● **YOUR INSTRUCTIONS**
Please take the records that follow and repeat exactly the lines starting with the line with "Polysan - Plain" and going on through the line with "W&W Mode - Lässige Winter-Herbstjacke".

● **EXCERPTED RECORDS**
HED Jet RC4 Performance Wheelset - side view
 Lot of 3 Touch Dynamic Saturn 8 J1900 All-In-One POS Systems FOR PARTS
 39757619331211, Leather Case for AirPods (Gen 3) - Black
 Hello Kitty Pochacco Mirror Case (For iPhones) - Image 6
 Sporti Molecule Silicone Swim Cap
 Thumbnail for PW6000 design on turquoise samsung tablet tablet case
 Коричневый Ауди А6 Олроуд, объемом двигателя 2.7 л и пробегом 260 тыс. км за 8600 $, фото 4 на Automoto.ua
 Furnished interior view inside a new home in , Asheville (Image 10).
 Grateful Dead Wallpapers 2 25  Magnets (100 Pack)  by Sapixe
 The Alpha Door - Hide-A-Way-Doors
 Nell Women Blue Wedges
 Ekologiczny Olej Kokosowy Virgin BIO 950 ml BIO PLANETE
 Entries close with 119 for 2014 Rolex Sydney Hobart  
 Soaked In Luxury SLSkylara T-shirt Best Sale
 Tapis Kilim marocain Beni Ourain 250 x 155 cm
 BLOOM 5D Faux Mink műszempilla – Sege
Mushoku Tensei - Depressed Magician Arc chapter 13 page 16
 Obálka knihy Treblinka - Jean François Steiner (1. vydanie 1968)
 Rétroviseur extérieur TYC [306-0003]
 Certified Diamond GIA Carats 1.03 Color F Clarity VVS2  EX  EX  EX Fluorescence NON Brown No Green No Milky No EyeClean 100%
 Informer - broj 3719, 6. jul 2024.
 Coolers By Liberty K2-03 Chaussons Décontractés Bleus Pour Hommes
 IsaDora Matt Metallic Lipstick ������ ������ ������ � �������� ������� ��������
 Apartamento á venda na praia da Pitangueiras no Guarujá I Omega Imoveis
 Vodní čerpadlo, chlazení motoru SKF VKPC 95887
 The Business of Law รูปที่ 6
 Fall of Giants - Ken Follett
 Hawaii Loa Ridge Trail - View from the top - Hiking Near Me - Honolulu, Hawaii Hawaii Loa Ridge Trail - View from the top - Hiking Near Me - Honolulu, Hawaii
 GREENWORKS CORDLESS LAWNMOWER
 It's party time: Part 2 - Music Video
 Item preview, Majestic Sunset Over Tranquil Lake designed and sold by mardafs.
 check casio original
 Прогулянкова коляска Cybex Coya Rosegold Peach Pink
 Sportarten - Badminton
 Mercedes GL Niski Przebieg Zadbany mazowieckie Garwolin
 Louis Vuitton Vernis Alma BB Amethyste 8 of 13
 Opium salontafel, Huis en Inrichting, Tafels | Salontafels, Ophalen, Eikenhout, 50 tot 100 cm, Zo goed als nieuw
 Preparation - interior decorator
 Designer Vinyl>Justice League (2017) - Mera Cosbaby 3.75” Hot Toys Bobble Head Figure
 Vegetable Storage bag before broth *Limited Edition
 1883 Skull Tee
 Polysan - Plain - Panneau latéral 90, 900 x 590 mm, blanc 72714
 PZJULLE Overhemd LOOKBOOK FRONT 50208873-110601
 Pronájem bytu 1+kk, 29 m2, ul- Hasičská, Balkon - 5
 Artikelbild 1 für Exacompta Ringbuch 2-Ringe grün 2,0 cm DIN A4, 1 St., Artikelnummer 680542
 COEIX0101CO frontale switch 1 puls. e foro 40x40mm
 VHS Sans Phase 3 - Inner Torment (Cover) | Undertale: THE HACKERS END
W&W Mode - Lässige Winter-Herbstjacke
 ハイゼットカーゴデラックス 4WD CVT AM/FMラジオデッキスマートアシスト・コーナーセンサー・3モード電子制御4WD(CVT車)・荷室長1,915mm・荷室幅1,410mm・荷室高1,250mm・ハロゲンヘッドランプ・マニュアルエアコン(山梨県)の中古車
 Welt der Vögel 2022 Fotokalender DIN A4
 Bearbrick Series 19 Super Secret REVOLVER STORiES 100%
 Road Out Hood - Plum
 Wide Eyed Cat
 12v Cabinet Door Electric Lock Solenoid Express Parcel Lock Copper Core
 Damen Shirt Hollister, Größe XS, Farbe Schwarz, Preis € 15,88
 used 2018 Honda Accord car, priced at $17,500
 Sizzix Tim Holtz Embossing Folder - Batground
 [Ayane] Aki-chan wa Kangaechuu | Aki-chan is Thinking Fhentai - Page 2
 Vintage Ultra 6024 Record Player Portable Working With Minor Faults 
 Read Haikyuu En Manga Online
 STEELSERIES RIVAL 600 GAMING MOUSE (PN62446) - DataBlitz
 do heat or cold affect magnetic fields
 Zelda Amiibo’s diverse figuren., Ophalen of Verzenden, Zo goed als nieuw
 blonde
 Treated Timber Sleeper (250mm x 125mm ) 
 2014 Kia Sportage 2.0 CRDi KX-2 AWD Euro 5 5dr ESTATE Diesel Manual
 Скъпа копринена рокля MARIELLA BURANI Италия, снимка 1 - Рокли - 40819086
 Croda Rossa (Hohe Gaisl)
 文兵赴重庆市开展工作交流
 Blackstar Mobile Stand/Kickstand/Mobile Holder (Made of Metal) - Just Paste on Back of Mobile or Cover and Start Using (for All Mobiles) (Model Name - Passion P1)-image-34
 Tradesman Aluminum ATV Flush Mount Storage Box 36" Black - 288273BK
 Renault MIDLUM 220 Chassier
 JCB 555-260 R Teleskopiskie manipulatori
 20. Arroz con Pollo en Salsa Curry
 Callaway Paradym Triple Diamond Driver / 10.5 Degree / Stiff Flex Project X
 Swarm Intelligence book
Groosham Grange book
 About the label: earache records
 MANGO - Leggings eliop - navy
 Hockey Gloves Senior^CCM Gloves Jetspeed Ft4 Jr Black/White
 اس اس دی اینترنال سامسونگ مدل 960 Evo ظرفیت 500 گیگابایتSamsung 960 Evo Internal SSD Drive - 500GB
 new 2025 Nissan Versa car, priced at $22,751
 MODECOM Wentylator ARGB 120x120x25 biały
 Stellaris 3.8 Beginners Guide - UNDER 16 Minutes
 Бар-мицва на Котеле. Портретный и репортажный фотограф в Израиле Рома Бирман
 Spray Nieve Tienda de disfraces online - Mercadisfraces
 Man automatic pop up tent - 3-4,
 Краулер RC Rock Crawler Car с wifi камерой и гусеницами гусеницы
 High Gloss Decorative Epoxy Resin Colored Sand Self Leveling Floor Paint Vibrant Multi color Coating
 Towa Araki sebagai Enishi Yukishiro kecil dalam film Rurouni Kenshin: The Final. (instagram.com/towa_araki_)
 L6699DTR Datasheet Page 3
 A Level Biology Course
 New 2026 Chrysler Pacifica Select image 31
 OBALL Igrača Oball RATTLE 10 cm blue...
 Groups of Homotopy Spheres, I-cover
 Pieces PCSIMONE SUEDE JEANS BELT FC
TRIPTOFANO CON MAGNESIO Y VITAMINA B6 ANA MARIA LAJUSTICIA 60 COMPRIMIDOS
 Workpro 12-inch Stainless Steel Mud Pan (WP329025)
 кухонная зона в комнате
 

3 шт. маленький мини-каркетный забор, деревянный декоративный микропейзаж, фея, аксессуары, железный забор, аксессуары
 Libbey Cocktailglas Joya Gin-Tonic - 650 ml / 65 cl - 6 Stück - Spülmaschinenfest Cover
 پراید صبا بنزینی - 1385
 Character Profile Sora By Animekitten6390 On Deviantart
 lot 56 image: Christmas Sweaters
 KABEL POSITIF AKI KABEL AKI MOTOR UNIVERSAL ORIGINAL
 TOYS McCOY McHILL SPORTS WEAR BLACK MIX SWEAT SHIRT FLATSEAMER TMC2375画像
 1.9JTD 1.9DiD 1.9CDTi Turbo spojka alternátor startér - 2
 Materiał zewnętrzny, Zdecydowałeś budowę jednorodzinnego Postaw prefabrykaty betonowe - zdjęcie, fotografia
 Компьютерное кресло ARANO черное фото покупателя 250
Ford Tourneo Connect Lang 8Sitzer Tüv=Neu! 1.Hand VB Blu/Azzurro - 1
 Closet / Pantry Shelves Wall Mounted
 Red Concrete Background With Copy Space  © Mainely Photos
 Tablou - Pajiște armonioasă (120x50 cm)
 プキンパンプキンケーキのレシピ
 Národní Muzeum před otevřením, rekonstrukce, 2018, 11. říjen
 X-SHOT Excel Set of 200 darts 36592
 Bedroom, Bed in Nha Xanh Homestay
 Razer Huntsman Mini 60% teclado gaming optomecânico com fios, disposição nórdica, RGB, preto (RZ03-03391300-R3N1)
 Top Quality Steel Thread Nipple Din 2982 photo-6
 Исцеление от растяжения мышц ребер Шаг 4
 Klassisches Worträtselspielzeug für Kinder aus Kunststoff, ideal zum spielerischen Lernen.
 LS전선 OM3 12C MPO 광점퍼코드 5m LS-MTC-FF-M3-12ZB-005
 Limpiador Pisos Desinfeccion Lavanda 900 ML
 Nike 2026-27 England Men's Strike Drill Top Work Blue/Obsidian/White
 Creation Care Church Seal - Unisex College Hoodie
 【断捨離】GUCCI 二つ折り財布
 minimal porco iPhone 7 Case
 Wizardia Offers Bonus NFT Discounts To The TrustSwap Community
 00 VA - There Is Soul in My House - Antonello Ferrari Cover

● **EXERCISE RESULT**
 Polysan - Plain - Panneau latéral 90, 900 x 590 mm, blanc 72714
 PZJULLE Overhemd LOOKBOOK FRONT 50208873-110601
 Pronájem bytu 1+kk, 29 m2, ul- Hasičská, Balkon - 5
 Artikelbild 1 für Exacompta Ringbuch 2-Ringe grün 2,0 cm DIN A4, 1 St., Artikelnummer 680542
 COEIX0101CO frontale switch 1 puls. e foro 40x40mm
 VHS Sans Phase 3 - Inner Torment (Cover) | Undertale: THE HACKERS END
W&W Mode - Lässige Winter-Herbstjacke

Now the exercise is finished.